A decisão fará com que devedores que possuem recursos para pagar as prestações voltem a fazê-lo. Mas nem todos os casos são assim. A maioria dos inadimplentes não têm condições efetivas para cumprir seus compromissos em dia. E há também que distinguir entre os prazos de atrasos se pequenos, médios ou grandes. Essa situação levará a negociações que se assemelham àquelas que marcam a operação desenrola, bancada, no fundo, pelo governo para livrar um número enorme de devedores das consequências naturais da falta de pagamentos.
EFEITO – Psicologicamente o efeito já está sendo muito grande. Mas os bancos esbarram também no reflexo junto à opinião pública na hipótese da expropriação, sem novas decisões judiciais, na forma como foi decidido pela Corte Suprema. Reportagem de José Marques, Folha de S. Paulo, e de Daniel Gullino e Letícia Lopes, O Globo, edições de ontem, focalizam amplamente o assunto. E as repercussões já se fazem sentir, começando a deslocar a solução do problema para a área do governo Lula da Silva.
Se o Ministério da Fazenda entrou em ação para resgatar dívidas pequenas de 74 milhões de pessoas, fica implícito que com uma grande dose de razão, se sentirá obrigado a evitar milhares de casos de despejo que levariam a um agravamento enorme da crise social do país.

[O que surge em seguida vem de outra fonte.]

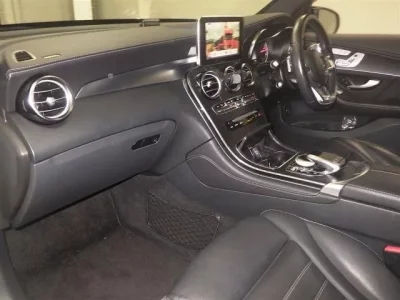Mercedes-Benz AMG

A decisão foi com base numa lei que permite a operação radical (tomada do imóvel), ultrapassando o caráter sócio-econômico da medida.
Se grande parte da população brasileira não tem certeza à noite se terá como se alimentar no dia seguinte, fica claro que a ameaça adicional da perda da própria residência será um fator de pânico junto às classes de menor renda, embora a inadimplência se verifique também nos segmentos de renda mais alta, não só nos financiamentos imobiliários, mas, sobretudo, isso sim, nos financiamentos empresariais.
DÉBITOS – Quem duvida de tal afirmação pode consultar, por exemplo, o que ocorre há muitos anos no BNDES, na Caixa Econômica Federal e no Banco do Brasil. Os grandes devedores retém débitos infinitamente superiores aos das pessoas comuns, principalmente em épocas de desemprego, de juros altos e de salários baixos, reduzidos cada vez mais pela perda na corrida contra a inflação, mesmo a do IBGE.
A decisão do STF, na realidade, criou um problema enorme para o governo Lula porque os grupos mais atingidos dos segmentos pobres recorrerão a ele para escapar das ameaças e das consequências pela perda de suas residências. Por esse aspecto, espanta a decisão da Suprema Corte.